Unparticle-Higgs Mixing: MSW Resonances, See-saw Mechanism and Spinodal Instabilities

TL;DR

This paper explores the mixing of unparticles with the Higgs field, revealing MSW resonances, spinodal instabilities, and implications for inflationary cosmology, with novel effects arising from unparticle noncanonical behavior.

Contribution

It introduces a new framework for unparticle-Higgs mixing, demonstrating MSW resonances, spinodal instabilities, and potential impacts on inflation and cosmic perturbations.

Findings

Identifies two MSW resonances at different momenta.

Unparticle modes exhibit spinodal instabilities and large expectation values.

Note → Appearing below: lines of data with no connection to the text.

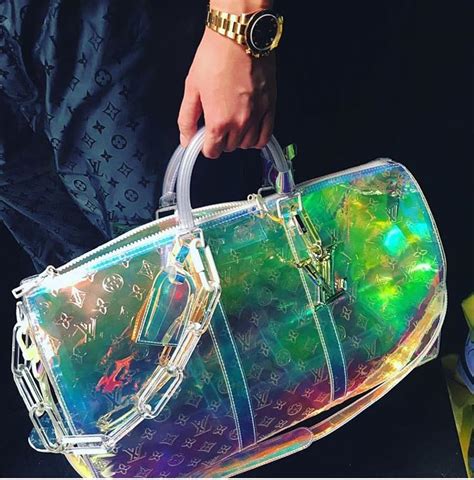 colorful louis vuitton bags|louis vuitton hologram bag.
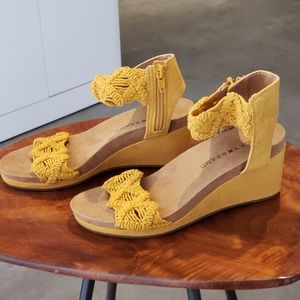 Lucky Brand Kierlo Wedges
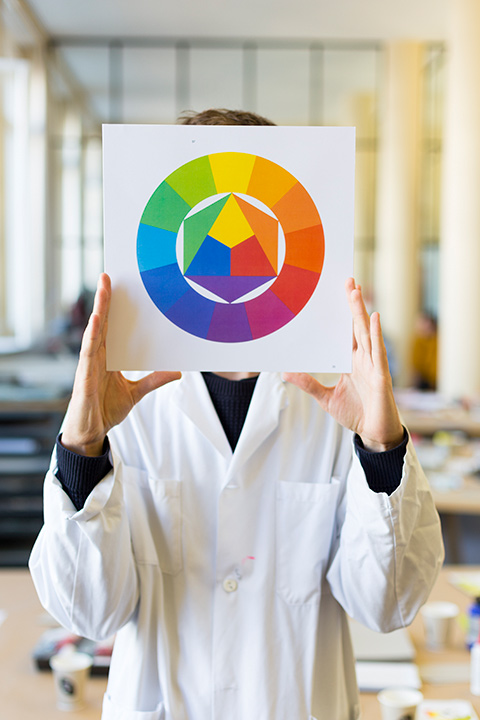 Workshop Farben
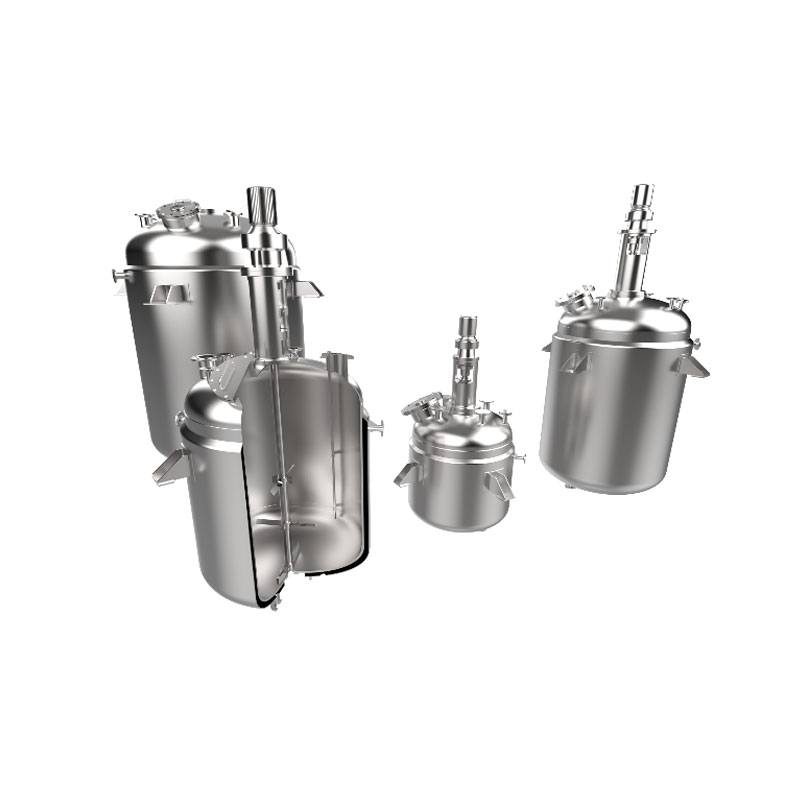 Реакционное оборудование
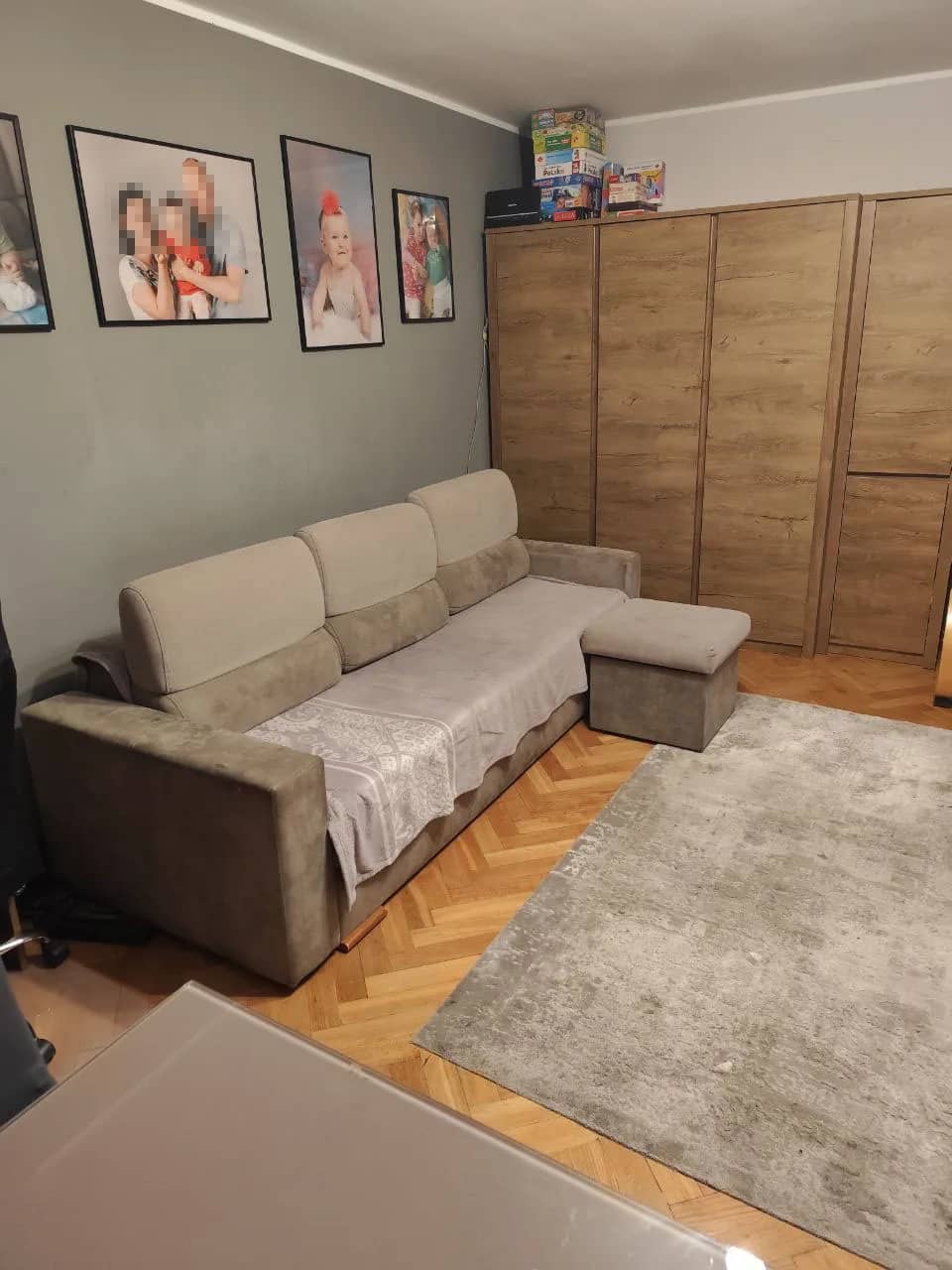 mieszkanie 52,3m Turek Kączkowskiego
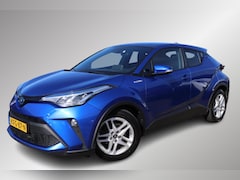 Toyota C-HR - 1.8 Hybrid Dynamic Limited, Leder, Parkeersensoren, Reserve Wiel, NAVI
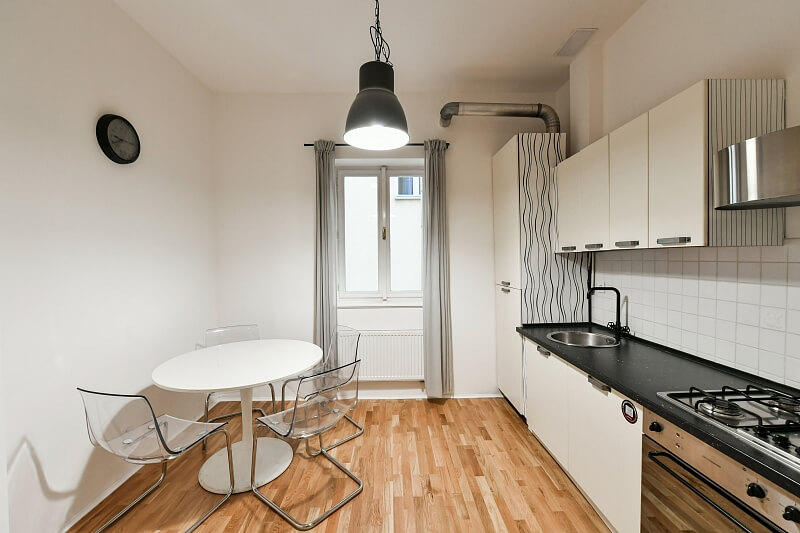 Bořivojova, Žižkov - Praha 3 | Pronájem, Byt 1+1, 39 m²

Mixing influences slow-roll parameters, favoring a red scalar spectrum.

Abstract

Motivated by slow-roll inflationary cosmology we study a scalar unparticle weakly coupled to a Higgs field in the broken symmetry phase. The mixing between the unparticle and the Higgs field results in a seesaw type matrix and the mixing angles feature a Mikheyev-Smirnov-Wolfenstein (MSW) effect as a consequence of the unparticle field being noncanonical. We find two (MSW) resonances for small and large spacelike momenta. The unparticlelike mode features a nearly flat potential with spinodal instabilities and a large expectation value. An effective potential for the unparticlelike field is generated from the Higgs potential, but with couplings suppressed by a large power of the small seesaw ratio. The dispersion relation for the Higgs-like mode features an imaginary part even at "tree level" as a consequence of the fact that the unparticle field describes a multiparticle continuum. Mixed unparticle-Higgs propagators reveal the possibility of oscillations, albeit with short coherence lengths. The results are generalized to the case in which the unparticle features a mass gap, in which case a low energy MSW resonance may occur for lightlike momenta depending on the scales. Unparticle-Higgs mixing leads to an effective unparticle potential of the new-inflation form. Slow-roll variables are suppressed by seesaw ratios and the anomalous dimensions and favor a red spectrum of scalar perturbations consistent with cosmic microwave background data.